ACTION ITEM:
Filter the records below and copy every line containing the word "Premier".
DATA FOR PROCESSING Block Start
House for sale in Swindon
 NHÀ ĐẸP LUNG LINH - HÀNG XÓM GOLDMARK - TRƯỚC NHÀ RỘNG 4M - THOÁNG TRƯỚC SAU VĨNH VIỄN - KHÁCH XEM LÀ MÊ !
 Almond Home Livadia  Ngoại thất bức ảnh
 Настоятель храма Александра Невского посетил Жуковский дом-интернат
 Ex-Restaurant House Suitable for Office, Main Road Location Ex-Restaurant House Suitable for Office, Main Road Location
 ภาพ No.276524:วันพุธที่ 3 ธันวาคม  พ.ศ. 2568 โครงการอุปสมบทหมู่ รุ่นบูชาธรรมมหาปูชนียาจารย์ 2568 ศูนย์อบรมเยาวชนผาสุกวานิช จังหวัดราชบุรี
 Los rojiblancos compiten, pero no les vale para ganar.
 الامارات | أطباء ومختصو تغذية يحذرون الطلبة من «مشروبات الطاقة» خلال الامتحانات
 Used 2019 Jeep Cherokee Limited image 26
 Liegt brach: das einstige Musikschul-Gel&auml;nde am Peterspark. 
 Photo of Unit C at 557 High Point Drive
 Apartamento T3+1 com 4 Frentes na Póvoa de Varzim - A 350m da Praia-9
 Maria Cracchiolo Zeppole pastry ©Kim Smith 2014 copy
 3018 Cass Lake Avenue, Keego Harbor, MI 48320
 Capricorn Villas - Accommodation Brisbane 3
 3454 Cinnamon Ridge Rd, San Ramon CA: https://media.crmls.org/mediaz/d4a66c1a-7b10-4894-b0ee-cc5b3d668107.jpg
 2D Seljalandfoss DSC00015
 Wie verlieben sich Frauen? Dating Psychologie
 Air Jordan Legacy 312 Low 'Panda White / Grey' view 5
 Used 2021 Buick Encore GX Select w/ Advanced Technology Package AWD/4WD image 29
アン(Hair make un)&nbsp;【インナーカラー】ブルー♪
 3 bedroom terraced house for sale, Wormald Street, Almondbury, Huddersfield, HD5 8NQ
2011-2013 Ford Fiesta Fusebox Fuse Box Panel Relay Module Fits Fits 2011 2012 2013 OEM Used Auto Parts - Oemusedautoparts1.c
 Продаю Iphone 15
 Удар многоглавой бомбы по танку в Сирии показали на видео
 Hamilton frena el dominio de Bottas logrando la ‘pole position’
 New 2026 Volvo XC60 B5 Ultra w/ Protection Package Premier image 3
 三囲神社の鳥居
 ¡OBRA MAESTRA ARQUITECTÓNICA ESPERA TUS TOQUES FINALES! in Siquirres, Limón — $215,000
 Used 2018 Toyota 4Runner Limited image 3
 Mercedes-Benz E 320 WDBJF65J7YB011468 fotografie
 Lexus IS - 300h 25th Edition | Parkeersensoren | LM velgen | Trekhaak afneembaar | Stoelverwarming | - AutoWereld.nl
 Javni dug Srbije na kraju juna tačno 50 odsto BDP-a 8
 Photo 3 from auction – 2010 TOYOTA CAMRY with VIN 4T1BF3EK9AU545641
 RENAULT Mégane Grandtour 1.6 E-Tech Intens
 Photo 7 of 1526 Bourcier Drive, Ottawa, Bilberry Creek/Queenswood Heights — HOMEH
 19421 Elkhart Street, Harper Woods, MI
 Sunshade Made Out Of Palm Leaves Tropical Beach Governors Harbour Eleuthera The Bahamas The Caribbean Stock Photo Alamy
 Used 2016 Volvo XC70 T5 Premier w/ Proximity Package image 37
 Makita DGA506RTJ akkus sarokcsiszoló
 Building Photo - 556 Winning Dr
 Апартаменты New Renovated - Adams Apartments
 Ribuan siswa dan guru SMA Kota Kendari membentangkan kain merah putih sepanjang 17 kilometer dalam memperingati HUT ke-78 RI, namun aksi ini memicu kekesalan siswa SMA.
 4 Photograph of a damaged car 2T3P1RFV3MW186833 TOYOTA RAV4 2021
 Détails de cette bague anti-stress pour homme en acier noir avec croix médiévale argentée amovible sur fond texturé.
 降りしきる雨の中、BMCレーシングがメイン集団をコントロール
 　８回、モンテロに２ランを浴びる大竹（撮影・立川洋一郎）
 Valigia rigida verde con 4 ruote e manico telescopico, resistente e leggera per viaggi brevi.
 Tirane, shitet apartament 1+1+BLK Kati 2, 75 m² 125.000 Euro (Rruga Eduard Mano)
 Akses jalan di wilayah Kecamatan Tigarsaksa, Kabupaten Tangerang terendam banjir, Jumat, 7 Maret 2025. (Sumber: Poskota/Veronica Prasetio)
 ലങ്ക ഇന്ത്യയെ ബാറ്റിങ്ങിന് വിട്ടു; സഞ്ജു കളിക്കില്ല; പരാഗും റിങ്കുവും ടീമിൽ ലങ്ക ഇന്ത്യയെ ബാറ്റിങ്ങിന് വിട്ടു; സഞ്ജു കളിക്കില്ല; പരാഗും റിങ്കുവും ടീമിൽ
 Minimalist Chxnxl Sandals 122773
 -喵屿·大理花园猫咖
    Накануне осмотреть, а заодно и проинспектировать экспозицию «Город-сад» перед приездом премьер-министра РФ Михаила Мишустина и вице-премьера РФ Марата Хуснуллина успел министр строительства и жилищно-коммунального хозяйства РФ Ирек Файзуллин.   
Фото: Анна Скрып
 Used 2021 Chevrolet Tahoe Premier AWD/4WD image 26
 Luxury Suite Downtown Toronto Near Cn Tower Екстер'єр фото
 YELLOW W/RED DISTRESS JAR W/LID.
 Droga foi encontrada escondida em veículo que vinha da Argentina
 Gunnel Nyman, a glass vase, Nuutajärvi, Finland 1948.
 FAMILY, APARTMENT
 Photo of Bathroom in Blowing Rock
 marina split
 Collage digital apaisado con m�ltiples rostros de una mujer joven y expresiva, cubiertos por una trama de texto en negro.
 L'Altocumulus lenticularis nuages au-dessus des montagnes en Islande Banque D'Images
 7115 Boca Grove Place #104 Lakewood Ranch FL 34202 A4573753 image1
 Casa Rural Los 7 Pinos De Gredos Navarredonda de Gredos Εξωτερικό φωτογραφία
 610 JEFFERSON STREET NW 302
DATA FOR PROCESSING Block End
RESPONSE:
 New 2026 Volvo XC60 B5 Ultra w/ Protection Package Premier image 3
 Used 2016 Volvo XC70 T5 Premier w/ Proximity Package image 37
 Used 2021 Chevrolet Tahoe Premier AWD/4WD image 26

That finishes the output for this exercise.